Have you checked the local classifieds? Do you guys have Craigslist up there? That's where I scored mine.


----------



## de-nagorg (Feb 23, 2014)

Pawn Shops.

Swap meets.

Garage sales.

Divorce sales.

Many more 


ED


----------



## Mort (Nov 26, 2008)

I've found Husky brand chests at Home Depot on sale all the time for a pretty good deal. My lower box is one of those and I like it.


----------



## 78Vette (Nov 25, 2009)

Check Kijiji for used quality boxes. I got me a slightly used 56 inch top and bottom Snapon without any scratches in near perfect condition at less then half price. All depends on your price range. I had looked at new "cheap" ones everywhere and couldn't get over the junk they're all selling nowadays.
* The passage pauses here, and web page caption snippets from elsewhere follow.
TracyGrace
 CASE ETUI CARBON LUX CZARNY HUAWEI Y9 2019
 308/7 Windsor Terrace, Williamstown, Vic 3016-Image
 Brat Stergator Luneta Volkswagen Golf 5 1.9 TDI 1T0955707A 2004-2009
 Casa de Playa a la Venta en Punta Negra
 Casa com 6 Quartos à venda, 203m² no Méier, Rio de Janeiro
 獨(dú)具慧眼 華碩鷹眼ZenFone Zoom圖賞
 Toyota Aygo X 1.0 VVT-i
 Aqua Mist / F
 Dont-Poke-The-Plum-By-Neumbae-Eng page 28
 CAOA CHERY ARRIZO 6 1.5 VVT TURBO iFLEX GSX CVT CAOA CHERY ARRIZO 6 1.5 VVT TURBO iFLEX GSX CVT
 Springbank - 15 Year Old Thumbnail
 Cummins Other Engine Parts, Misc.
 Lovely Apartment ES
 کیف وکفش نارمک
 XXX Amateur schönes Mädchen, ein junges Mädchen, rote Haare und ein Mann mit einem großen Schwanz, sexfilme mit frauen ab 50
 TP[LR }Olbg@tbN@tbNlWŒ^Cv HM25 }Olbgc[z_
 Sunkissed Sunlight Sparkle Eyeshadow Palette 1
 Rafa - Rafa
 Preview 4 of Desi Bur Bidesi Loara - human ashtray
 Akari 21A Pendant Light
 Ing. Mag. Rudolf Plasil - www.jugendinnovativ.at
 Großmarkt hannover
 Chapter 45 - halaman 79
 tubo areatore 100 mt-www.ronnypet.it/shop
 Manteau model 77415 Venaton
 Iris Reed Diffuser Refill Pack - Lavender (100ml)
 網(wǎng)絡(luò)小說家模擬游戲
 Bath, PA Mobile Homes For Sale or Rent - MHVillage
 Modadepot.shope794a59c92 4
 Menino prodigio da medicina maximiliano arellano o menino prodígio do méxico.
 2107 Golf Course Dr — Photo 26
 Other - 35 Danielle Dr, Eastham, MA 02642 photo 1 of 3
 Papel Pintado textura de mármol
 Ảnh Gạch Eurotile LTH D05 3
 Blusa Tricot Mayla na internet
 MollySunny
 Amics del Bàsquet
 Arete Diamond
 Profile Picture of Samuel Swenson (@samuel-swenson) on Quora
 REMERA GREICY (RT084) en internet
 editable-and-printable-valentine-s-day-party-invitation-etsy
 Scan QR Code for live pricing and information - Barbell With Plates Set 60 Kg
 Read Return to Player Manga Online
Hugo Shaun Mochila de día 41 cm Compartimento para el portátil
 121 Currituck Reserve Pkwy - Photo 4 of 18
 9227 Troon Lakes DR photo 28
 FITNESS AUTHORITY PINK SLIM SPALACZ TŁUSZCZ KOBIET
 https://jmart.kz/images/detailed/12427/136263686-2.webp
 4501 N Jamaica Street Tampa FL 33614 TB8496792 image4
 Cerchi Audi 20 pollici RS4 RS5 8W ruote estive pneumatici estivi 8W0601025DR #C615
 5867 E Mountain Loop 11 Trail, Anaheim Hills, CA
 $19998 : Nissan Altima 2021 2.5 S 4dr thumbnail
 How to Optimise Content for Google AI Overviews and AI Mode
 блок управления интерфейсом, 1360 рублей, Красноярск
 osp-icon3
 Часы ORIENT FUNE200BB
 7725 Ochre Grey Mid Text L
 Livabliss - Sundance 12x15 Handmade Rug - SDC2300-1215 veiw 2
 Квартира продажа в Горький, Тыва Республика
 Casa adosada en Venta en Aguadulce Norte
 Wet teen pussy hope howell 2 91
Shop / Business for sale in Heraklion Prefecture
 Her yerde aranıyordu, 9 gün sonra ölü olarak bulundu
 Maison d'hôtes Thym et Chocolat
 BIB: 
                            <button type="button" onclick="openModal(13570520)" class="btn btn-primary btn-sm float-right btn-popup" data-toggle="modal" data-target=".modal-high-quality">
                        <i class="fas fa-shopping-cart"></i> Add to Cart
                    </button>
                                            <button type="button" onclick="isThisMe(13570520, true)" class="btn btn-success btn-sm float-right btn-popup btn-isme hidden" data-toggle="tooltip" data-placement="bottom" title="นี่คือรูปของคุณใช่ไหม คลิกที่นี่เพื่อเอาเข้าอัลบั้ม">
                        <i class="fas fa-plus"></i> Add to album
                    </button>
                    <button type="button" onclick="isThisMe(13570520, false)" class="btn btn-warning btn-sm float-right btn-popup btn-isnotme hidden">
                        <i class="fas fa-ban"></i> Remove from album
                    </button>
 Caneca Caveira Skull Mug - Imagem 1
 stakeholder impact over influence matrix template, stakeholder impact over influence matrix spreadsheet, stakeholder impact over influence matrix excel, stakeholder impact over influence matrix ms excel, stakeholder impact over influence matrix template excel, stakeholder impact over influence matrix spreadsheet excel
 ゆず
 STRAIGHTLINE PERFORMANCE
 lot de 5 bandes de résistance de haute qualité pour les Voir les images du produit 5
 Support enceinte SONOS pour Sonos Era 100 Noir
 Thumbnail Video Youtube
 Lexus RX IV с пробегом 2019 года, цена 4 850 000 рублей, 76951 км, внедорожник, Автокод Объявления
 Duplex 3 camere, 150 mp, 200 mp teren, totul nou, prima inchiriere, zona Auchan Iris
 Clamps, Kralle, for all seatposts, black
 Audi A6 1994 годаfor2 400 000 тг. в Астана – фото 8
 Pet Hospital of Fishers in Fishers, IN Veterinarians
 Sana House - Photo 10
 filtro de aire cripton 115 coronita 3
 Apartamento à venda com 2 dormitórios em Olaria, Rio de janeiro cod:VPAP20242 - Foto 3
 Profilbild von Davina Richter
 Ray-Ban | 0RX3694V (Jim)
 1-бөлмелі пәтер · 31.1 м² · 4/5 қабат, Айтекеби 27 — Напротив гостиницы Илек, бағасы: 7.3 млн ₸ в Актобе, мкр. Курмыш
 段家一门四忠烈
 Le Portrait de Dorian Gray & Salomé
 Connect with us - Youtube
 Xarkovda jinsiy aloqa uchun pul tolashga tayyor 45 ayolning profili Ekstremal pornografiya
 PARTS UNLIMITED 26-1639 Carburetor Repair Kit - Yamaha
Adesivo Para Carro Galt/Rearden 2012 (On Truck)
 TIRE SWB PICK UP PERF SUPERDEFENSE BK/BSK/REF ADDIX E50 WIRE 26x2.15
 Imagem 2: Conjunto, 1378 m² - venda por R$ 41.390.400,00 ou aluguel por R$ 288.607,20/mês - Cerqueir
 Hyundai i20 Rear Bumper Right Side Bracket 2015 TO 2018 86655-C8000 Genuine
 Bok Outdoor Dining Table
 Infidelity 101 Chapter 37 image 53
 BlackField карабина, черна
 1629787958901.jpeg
I have one from Canadian Tire i bought 40 years ago and it is still in super condition with heavy duty sliders. Nothing compared to what they sell now for lots of $


----------



## lenaitch (Feb 10, 2014)

This is one item where you want quality and, if new, you're going to have to pay for it, particularly grade of steel and quality of drawer slides. I've had a Snap-On since the 60s. I have heard Husky are good. Check carefully on any you see at Canadian Tire - they have different, what do they call it now, price points. I did a quick check on Kijiji and saw a few but with buy-and-sell sites, it boils down to location. They is a new buy-and-sell site called Letgo that is apparently becoming popular.


----------



## 47_47 (Sep 11, 2007)

Better boxes have ball bearing slides. I went with a longer bottom tool box and didn't use a top box. I put on a piece of ply and use it to put in use tools, small parts, manuals...


----------